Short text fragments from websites
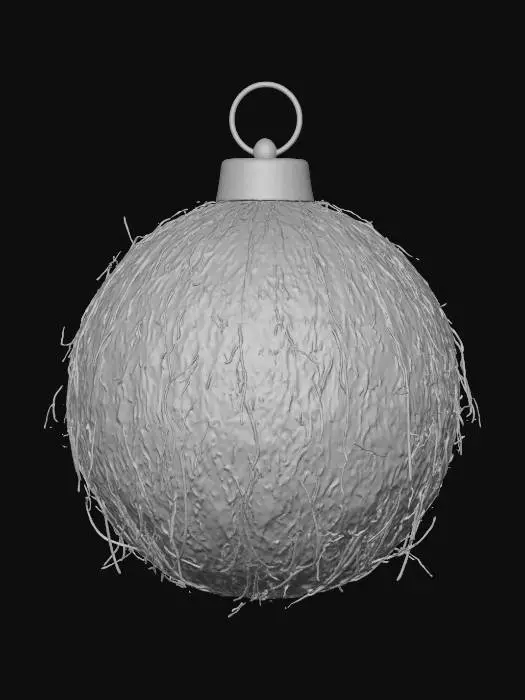 3D model for #Christmas2025#, Coconut Ornament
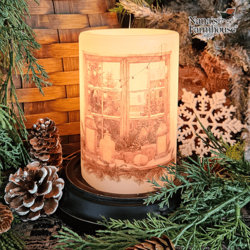 Lantern Lights Window Candle Sleeve Vanilla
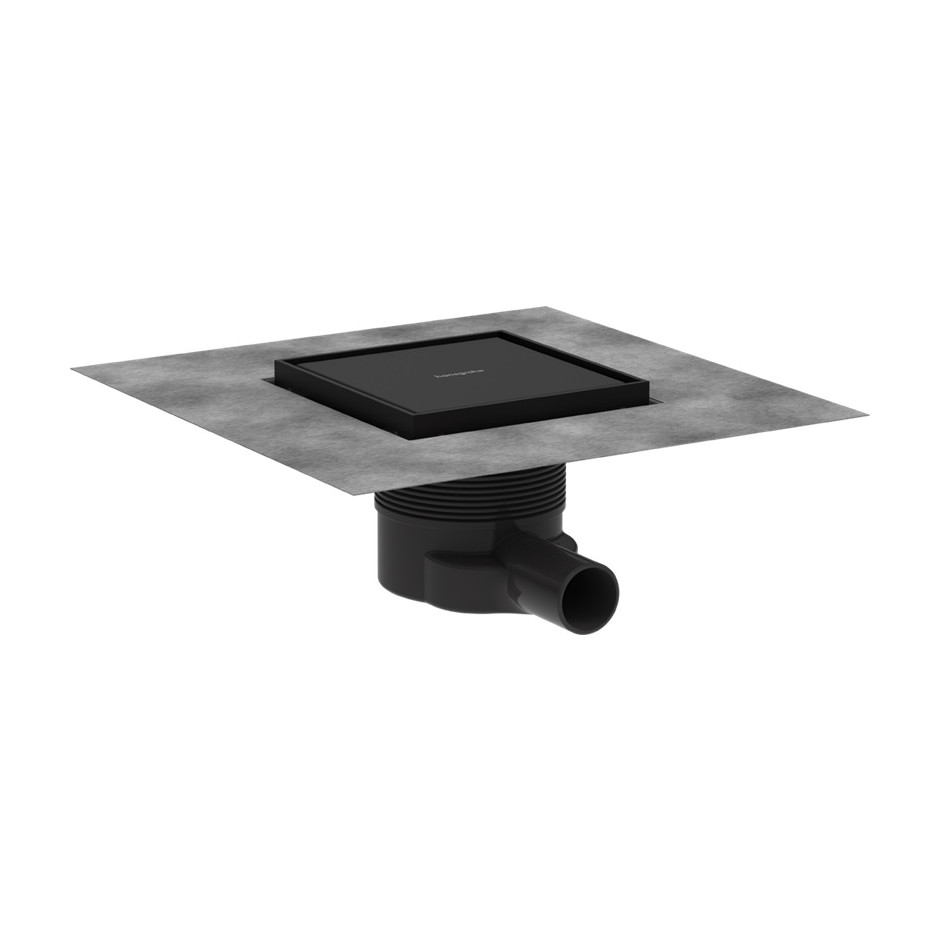 Hansgrohe RainDrain Brilliance Kompletny zestaw 150/150 odpływu punktowego z możliwością wyłożenia płytkami Czarny Matowy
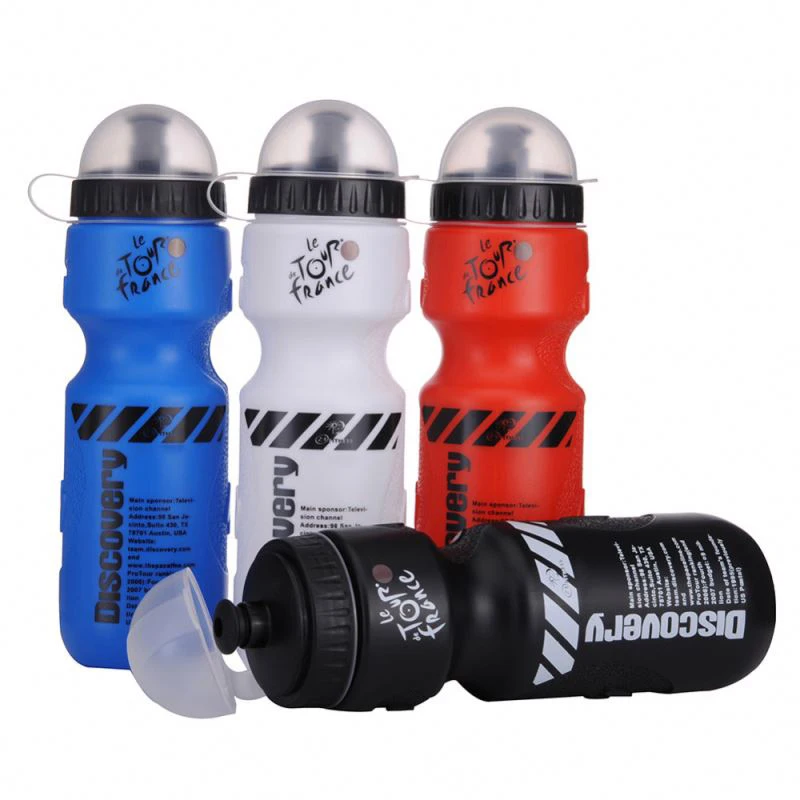 650ml Reusable with Dust Cover Portable Bicycle Plastic MTB Bike Bottle Sport Bicycle Water Bottles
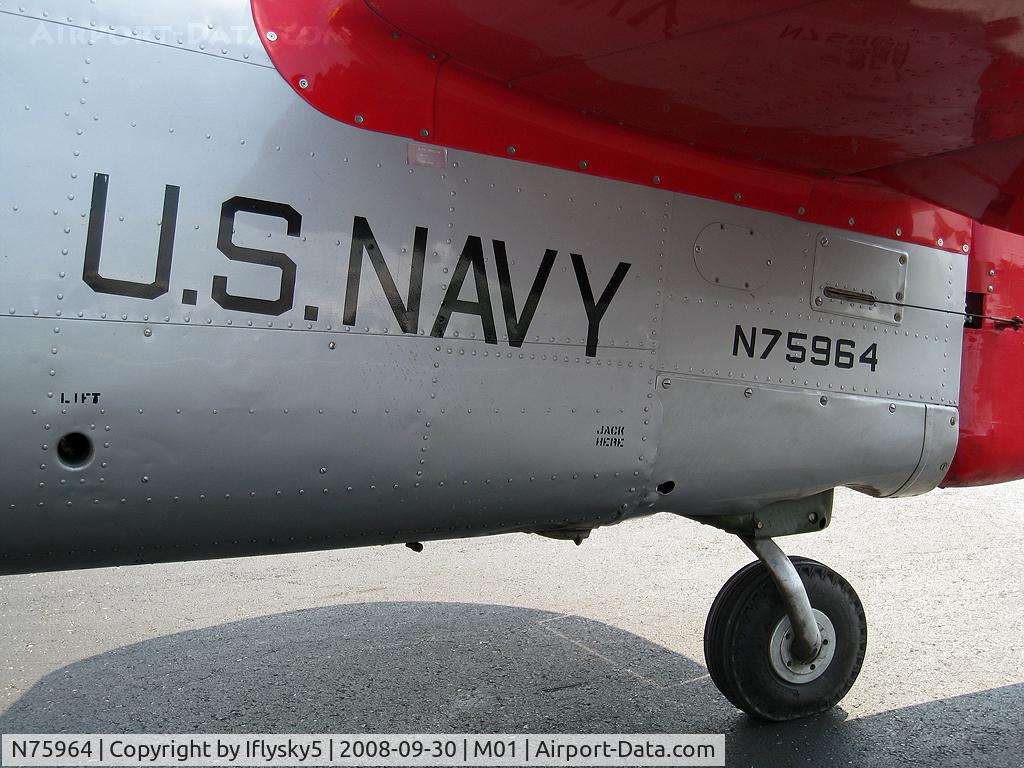 N75964, 1943 North American SNJ-4 Texan C/N 88-9830, N75964 NAA SNJ-4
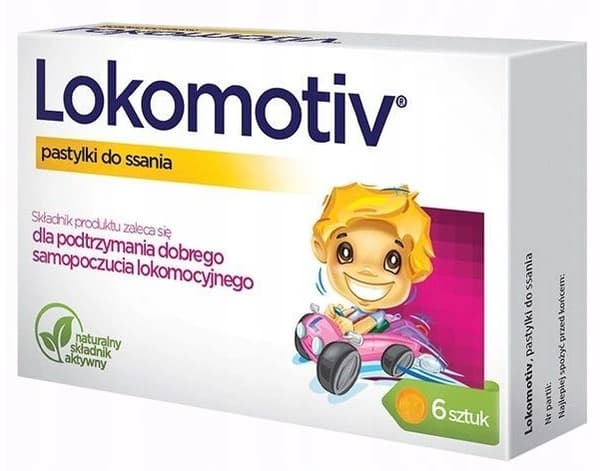 Lokomotiv för åksjuka 6 sugtabletter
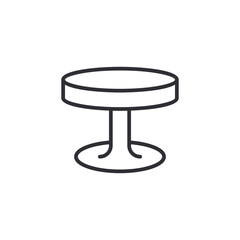 round table icon in trendy design style. round table icon isolated on white background. round table vector icon simple and modern. Circle table icon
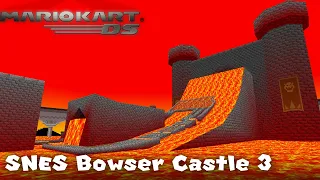 SNES Bowser Castle 3 - Mario Kart DS Custom Track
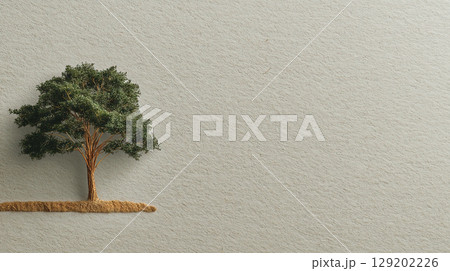 Tree Textured Abstract Concept by Generative AI 129202226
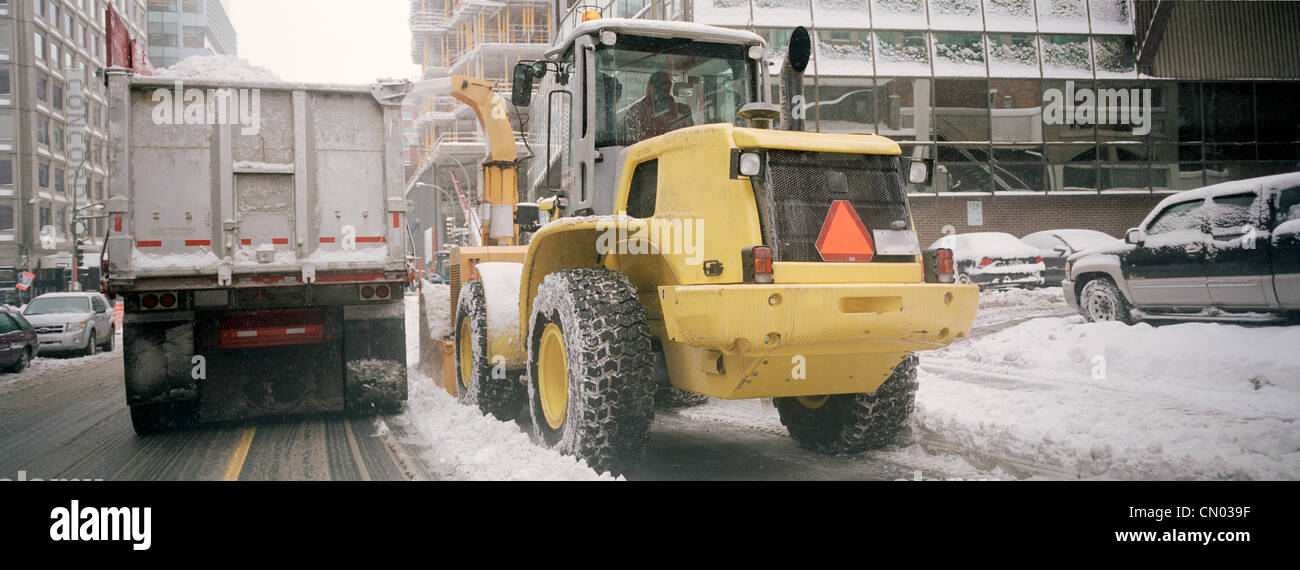 Montreal snowplow hires stock photography and images Alamy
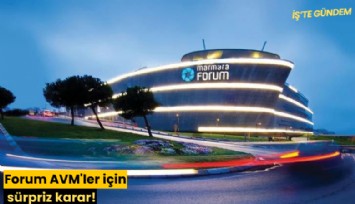 Konkordato ilan eden Forum AVM'ler için sürpriz karar!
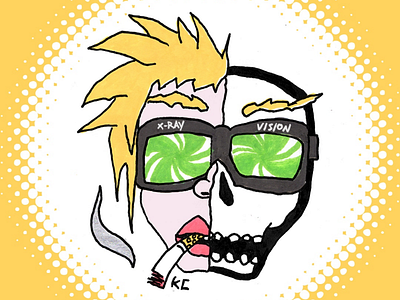 Day 13: X-Ray Kid craig gleason illustration inktober monster season of the bad guys club sotbgc4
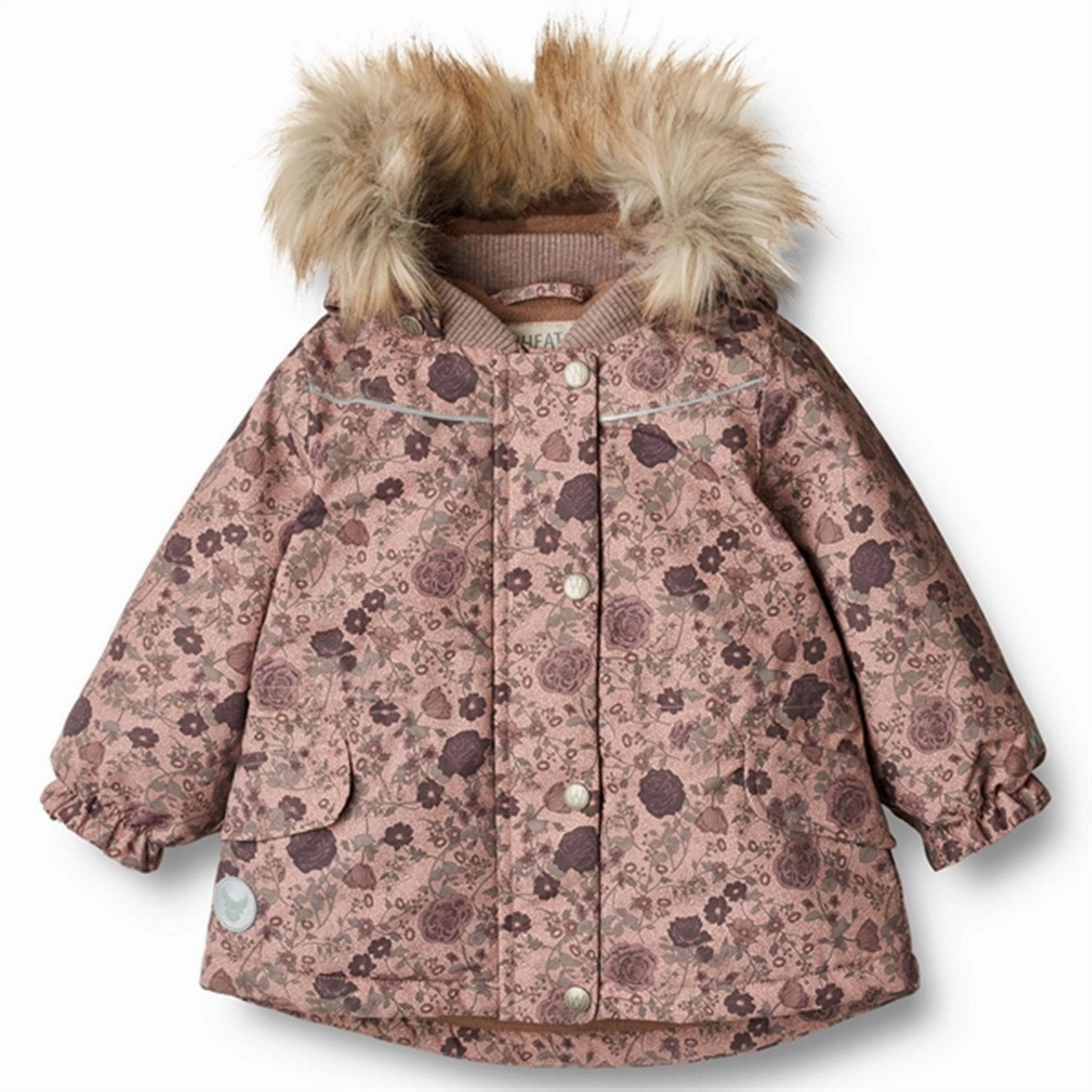 Wheat Jacket Mathilde Tech Rose Dawn Flowers Insulated Padding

**EXERCISE AIM**
Your reply should hold only the records, duplicated exactly, without any image.

**TASK ANSWER**
 3D model for #Christmas2025#, Coconut Ornament
 Lantern Lights Window Candle Sleeve Vanilla
 Hansgrohe RainDrain Brilliance Kompletny zestaw 150/150 odpływu punktowego z możliwością wyłożenia płytkami Czarny Matowy
 650ml Reusable with Dust Cover Portable Bicycle Plastic MTB Bike Bottle Sport Bicycle Water Bottles
 N75964, 1943 North American SNJ-4 Texan C/N 88-9830, N75964 NAA SNJ-4
 Lokomotiv för åksjuka 6 sugtabletter
 round table icon in trendy design style. round table icon isolated on white background. round table vector icon simple and modern. Circle table icon
 SNES Bowser Castle 3 - Mario Kart DS Custom Track
 Tree Textured Abstract Concept by Generative AI 129202226
 Montreal snowplow hires stock photography and images Alamy
 Konkordato ilan eden Forum AVM'ler için sürpriz karar!
 Day 13: X-Ray Kid craig gleason illustration inktober monster season of the bad guys club sotbgc4
 Wheat Jacket Mathilde Tech Rose Dawn Flowers Insulated Padding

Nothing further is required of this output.